Apathy and illegitimacy are the kindling needed to foster real change.
> but these kinds of costs are the costs you have to pay to live in a democracy
Not really, we could randomly choose a few thousand people to vote and it would be practically just as effective without all the costs of having everyone vote. Better yet, you would probably get a better sample of the population too since it would not be biased towards people who normally vote.
> I’ve always thought that voting, at the national level, might benefit from non-geographic constituencies.
The US voting system is uniquely bizarre and designed for vote manipulation by electoral district boundary fiddling. National level voting should just be by popular vote, like it is pretty much everywhere else.
> to an elector tree like the old US Senate rather than direct voting for too many positions
I mentioned this. The senators are still one of the largest divergent points from public interests that are direct elected.
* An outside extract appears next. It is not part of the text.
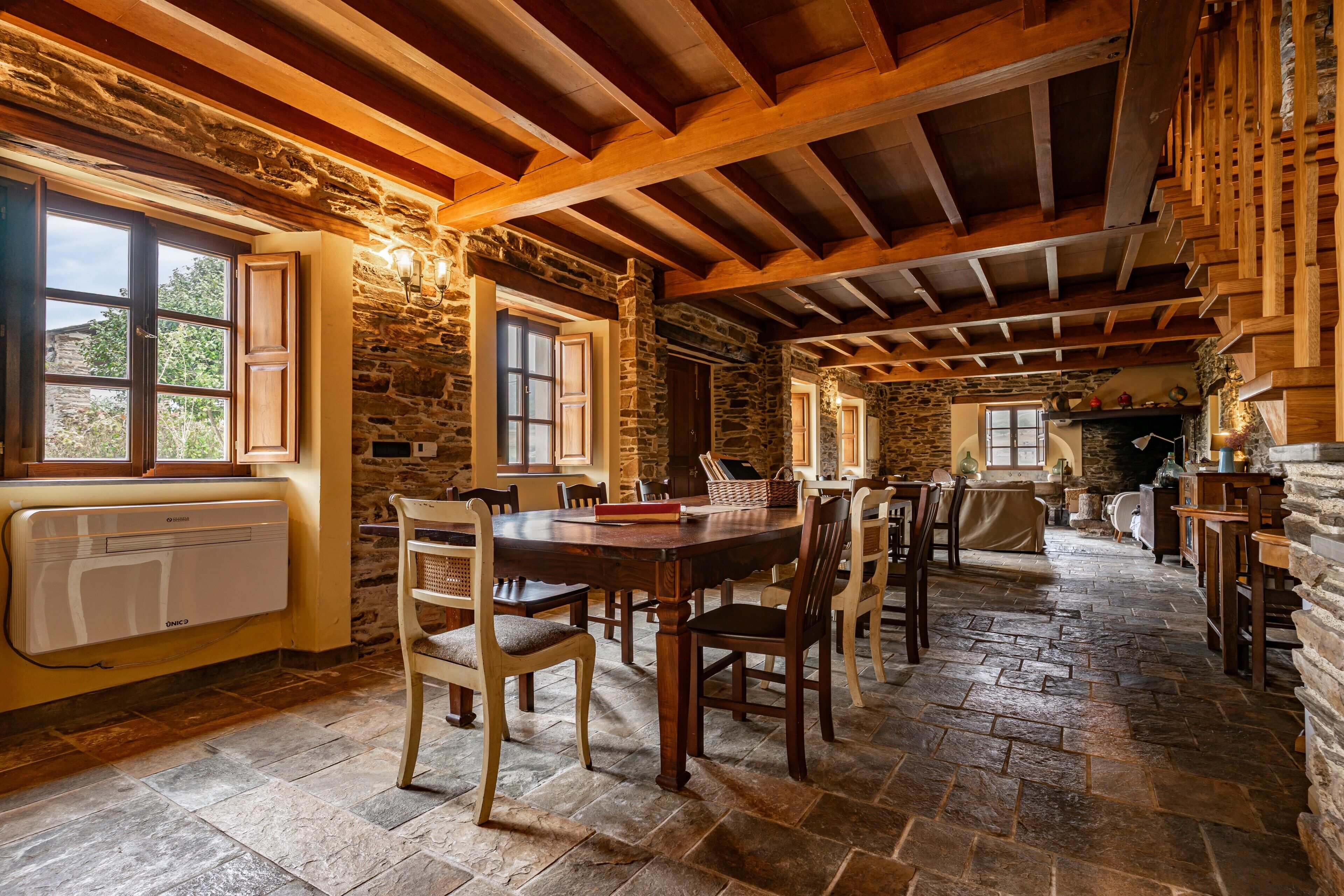 A rustic interior with stone walls, wooden beams, a dining table with chairs, and a fireplace.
I'm all for abolishing the 17th amendment amongst other things (I disagree with the policy of 2 senators per state in principle anyway).
> No state senator would pass such mandates laws and vote to limit their state governments if the senators had to answer to and were elected by the state legislatures. Each state can elect their senators as they see fit.
I wish we could have unified state congresses that directly elected all federal representatives from within their own ranks. The citizenry shouldn't even be involved in the fed, which shouldn't be nearly as large as it is. They should be involved locally, and their local choices should influence larger groups through representation. The way republics are supposed to work.
>The question I'm really trying to ask is whether it's at all reasonable to do something to increase the quality of the vote.
Absolutely. I'm 100% for programs to promote literacy and civic education. Reduce corporate political financing so that politicians _have to_ appeal to their constituencies. Increase the density of elected representatives so that each representative has a constituency small enough for them to actually reasonably represent.
I've had this idea for a while already. Indeed, it would be interesting to set up a free market system for the governments. US seems to be an ideal place for this sort of experiment given the ease of movement. Competition between states could be quite healthy.